The command to love was not invented at the Last Supper. When asked to identify the greatest commandment, Jesus pointed to two Old Testament texts: "You shall love the Lord your God with all your heart and with all your soul and with all your mind" (Deuteronomy 6:5; Matthew 22:37) and "You shall love your neighbor as yourself" (Leviticus 19:18; Matthew 22:39). Jesus affirmed that the entire Law and Prophets hung on these two commandments (Matthew 22:40). The Pharisees knew these texts well. What, then, was new about the New Commandment?

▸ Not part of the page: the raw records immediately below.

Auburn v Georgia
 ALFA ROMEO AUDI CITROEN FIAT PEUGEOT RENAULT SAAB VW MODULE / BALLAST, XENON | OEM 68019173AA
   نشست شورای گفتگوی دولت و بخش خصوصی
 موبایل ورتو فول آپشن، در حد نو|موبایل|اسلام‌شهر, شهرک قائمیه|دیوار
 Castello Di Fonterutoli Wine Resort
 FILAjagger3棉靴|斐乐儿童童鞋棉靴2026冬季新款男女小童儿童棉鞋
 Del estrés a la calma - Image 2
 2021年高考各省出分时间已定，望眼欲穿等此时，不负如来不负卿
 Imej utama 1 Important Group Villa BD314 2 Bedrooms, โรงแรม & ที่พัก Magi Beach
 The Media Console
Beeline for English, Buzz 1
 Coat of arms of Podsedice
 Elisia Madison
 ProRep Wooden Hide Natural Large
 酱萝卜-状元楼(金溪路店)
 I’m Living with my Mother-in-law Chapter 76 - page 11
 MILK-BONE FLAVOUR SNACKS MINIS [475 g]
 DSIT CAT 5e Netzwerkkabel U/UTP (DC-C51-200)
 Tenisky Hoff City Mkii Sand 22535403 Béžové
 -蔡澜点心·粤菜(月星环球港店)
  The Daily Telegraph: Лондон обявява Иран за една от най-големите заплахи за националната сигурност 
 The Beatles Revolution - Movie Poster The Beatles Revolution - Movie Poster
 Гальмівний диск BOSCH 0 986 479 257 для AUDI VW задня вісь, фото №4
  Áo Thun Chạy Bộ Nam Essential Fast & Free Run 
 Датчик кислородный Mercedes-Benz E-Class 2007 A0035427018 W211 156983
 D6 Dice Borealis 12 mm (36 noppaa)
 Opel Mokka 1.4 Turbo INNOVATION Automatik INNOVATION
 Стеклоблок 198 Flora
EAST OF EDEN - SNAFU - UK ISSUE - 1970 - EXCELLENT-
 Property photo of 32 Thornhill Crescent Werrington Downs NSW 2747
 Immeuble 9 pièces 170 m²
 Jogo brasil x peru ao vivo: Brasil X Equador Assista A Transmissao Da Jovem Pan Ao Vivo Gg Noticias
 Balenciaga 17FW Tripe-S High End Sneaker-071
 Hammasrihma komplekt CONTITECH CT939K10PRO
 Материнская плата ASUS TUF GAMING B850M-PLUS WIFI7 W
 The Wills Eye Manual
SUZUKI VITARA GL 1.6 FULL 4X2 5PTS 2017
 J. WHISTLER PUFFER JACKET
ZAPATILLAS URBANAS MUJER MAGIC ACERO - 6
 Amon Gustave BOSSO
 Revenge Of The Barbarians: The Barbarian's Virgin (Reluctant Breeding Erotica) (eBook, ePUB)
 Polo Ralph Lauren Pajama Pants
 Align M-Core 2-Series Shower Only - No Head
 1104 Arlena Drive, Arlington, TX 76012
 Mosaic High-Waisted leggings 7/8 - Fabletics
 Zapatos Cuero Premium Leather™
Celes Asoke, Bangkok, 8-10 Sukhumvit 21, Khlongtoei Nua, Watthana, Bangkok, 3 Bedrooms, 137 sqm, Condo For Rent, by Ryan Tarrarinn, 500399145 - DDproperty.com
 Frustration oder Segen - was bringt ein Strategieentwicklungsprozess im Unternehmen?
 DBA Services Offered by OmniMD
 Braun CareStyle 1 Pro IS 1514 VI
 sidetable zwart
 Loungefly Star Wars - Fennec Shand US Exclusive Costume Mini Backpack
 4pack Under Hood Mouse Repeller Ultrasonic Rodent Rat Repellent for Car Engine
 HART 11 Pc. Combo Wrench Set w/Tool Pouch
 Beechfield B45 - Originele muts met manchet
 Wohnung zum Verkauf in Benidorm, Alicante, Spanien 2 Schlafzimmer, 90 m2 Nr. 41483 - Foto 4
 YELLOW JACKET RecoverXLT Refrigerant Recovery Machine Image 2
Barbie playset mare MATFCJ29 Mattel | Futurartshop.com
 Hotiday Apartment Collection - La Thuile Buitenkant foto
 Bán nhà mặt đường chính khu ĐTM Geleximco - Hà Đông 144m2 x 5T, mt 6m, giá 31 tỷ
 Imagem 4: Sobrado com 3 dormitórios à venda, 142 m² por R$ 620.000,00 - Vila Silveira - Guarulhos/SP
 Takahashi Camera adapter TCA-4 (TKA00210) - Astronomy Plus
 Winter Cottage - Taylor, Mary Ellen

The New Commandment at the Last Supper

On the night before His crucifixion, after washing His disciples' feet, Jesus declared: "A new commandment I give to you, that you love one another: just as I have loved you, you also are to love one another" (John 13:34). The critical phrase is "as I have loved you." The Old Testament commanded love measured by the standard of self-love ("as yourself"). Jesus raised the standard to His own self-giving love, a love that would be fully revealed on the cross the following day. The commandment was new not in requiring love but in defining its measure and source.

Jesus repeated and expanded this teaching later that evening: "This is my commandment, that you love one another as I have loved you. Greater love has no one than this, that someone lay down his life for his friends" (John 15:12-13). The New Commandment is thus inseparable from the cross. It calls for a love that is willing to sacrifice everything for the good of others.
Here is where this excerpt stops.